Folkestone Invicta players forego their wages to help the club through its cashflow problems
Folkestone Invicta's players weren't paid last week (Pic: Gary Browne)
Folkestone Invicta's players gave up their wages last week to help the cash-strapped club pay its electricity and water bills.
Storm damage to the roof of the Wilf Armory Stand has already forced Invicta to postpone two lucrative Kent derbies against Herne Bay and Ramsgate.
That has left them struggling to balance the books, and manager Neil Cugley last week said he feared his squad might break up because of the club's cashflow problems.
But the players have pulled together for the good of the club.
Folkestone chairman Mark Jenner said: "The players very generously agreed to forego last week's wages though they were fully entitled to that money at what we appreciate is an expensive time of the year for everyone.
"With the loss of those two home matches and no income over Christmas and New Year we are now facing a temporary cash flow problem postponed.
"We also had to meet an electricity bill considerably bigger than we were expecting last month. That was offset by a much needed donation of £1,000 received last week, while certain friends of mine have promised more - but in a couple of weeks' time or so.
"Surprisingly, water rates and sewage charges are by far our biggest expense every month.
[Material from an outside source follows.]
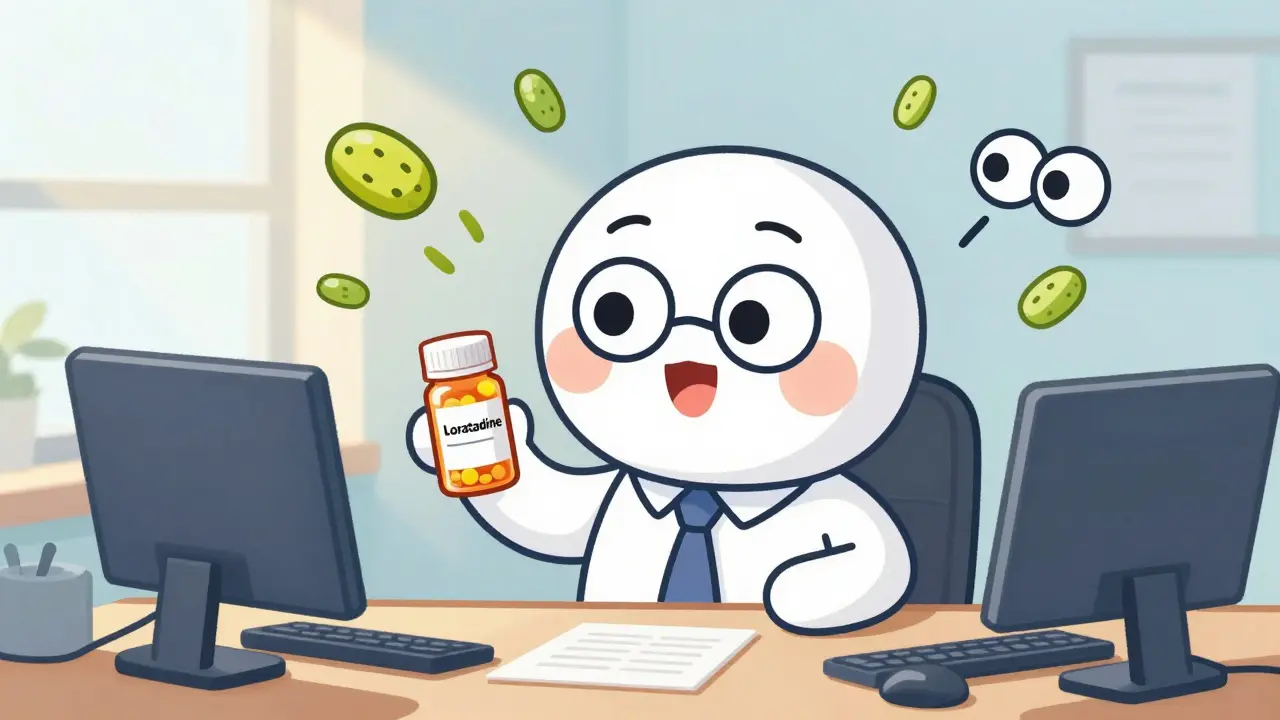 Second-Generation Antihistamines: Safer, Non-Drowsy Options for Allergies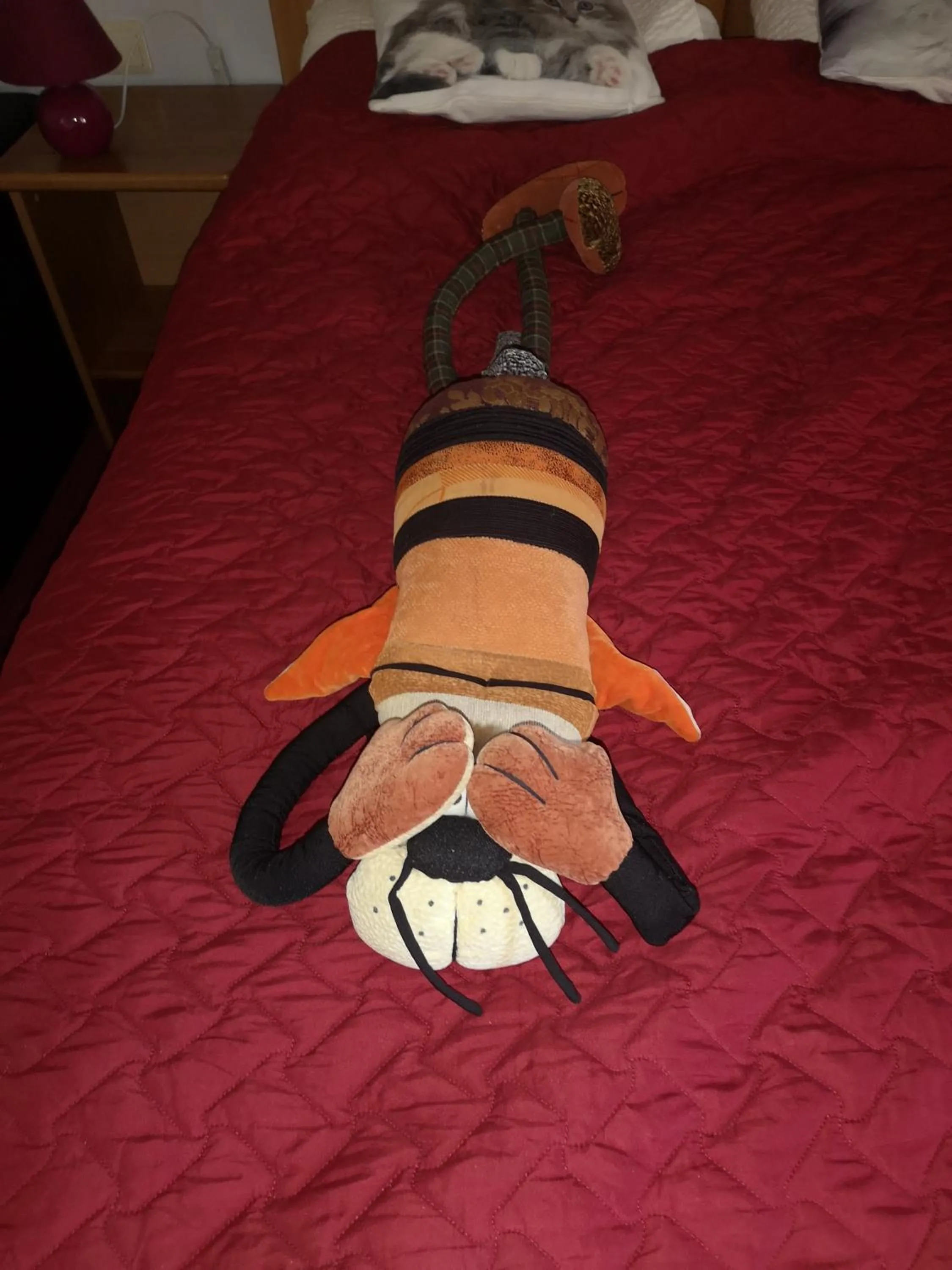 Bed in Hotel Senlīči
We cannot do without either and must always take care of basic outgoings."
The main stand was set to be demolished but now the club are hopeful of repairing the damage rather than knocking it down completely.
Mr Jenner said: "That would obviously make restoration far less expensive than rebuilding from scratch at a later date, but there is no commitment that this will happen.
"Now that everybody is back at work at the (Shepway District) Council after the Christmas break, they have taken very prompt action in appointing Goody Demolition of Dover to undertake the initial work required to make the site safe.
"They intend to remove the rest of the sheeting and make welding repairs to the remaining steelwork such that it may be usable after all if it proves stable."